Contact: Nancy Willis, Director of Royalty Trust Services, Argent Trust Company, Trustee, Toll Free – 1.855.588.7839


FAQ

What did Permian Basin Royalty Trust (PBT) disclose about SoftVest’s Schedule 13D?

Permian Basin Royalty Trust disclosed that its trustee received a Schedule 13D from SoftVest and others describing a proposed business combination with certain Blackbeard assets. The Trust was not involved in negotiating the term sheet and is sharing the disclosure for informational purposes only.

What business combination is described in the SoftVest Schedule 13D for PBT?

The Schedule 13D describes a preliminary, non-binding term sheet to combine the Trust with certain Blackbeard assets in a new corporation, New PubCo. New PubCo would own all Trust assets and operations plus US Land Guild, LLC and related royalty interests held by Blackbeard affiliates.

How would New PubCo be structured in the proposed Permian Basin deal?

The term sheet contemplates forming New PubCo, owned in part by Trust unitholders and in part by Blackbeard and affiliates. New PubCo would acquire the Trust’s assets and operations, as well as US Land Guild, LLC, which will own about 66,500 surface acres and a 15% royalty interest.

What happens to Permian Basin Royalty Trust’s working interests in the SoftVest proposal?

According to the Schedule 13D, the term sheet provides for Blackbeard or its affiliates to receive certain working interests currently owned by the Trust. This would follow conversion of net profits interests, including West Ranch and East Ranch properties, into a cost-free 15% royalty interest.

Will Permian Basin Royalty Trust unitholders vote on the proposed business combination?
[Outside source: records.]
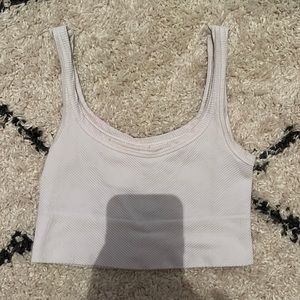 White Nikibiki Tank from Rock n Rags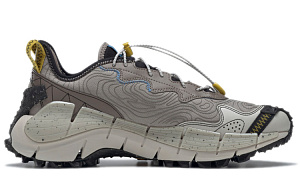 Reebok Zig Kinetica Ii Edge Grey Women's 1 2522350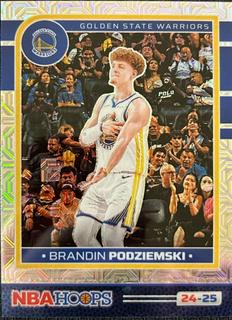 Brandin Podziemski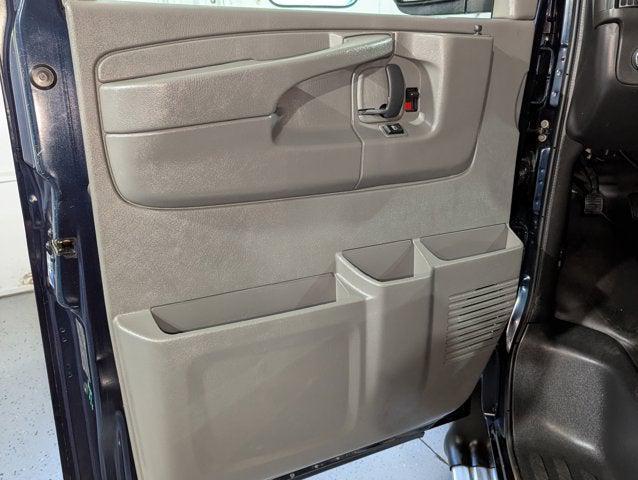 Photo of 2013 Dark Blue Metallic Chevrolet Express 3500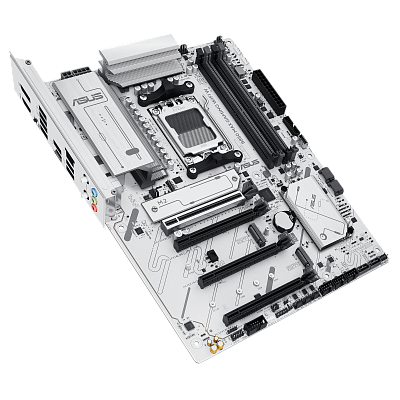 Материнская плата ASUS B850 MAX GAMING WIFI W (90MB1M10-M0EAY0)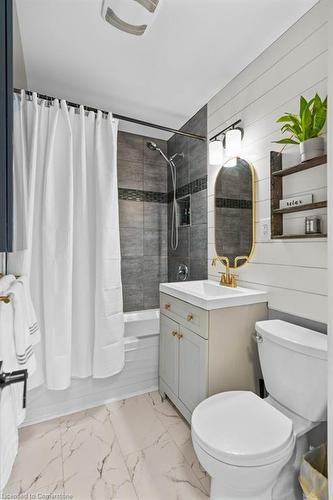 12 Wade Avenue, Brantford, ON - Indoor Photo Showing Bathroom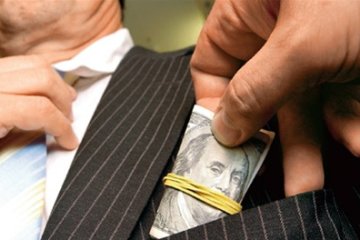 Масштаб украинской коррупции вызывал недовольство в США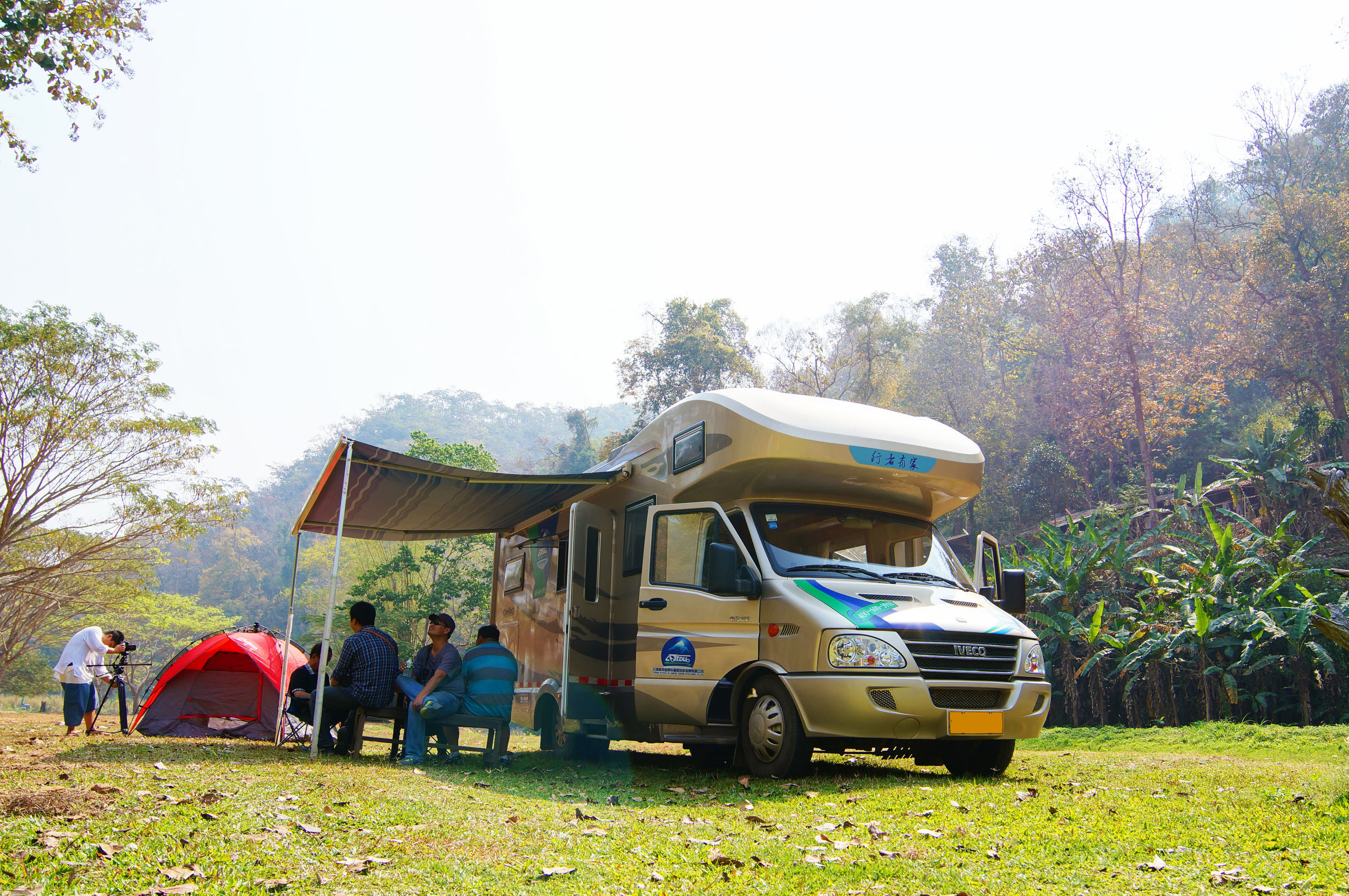 昆明租房车都有什么车型,昆明租房车公司大全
The trustee anticipates that any business combination would require approval of Trust unitholders. Based on recent court-approved Indenture modifications, approval would likely need a majority in interest of unitholders constituting a quorum at a meeting where a quorum is present.

Could Form S-4 be used in the proposed Permian Basin and Blackbeard transaction?

The trustee anticipates that if the business combination is pursued, New PubCo, SoftVest and/or other unitholders may file a Form S-4. That registration statement would include a proxy statement for a Trust unitholder meeting and a New PubCo prospectus with detailed information.

Where can PBT unitholders find more information about the SoftVest proposal?

Unitholders are encouraged to read the Schedule 13D and any future Form S-4 and proxy statement/prospectus when available. These documents will be accessible without charge on the SEC’s website at www.sec.gov and will contain important details about any proposed transaction.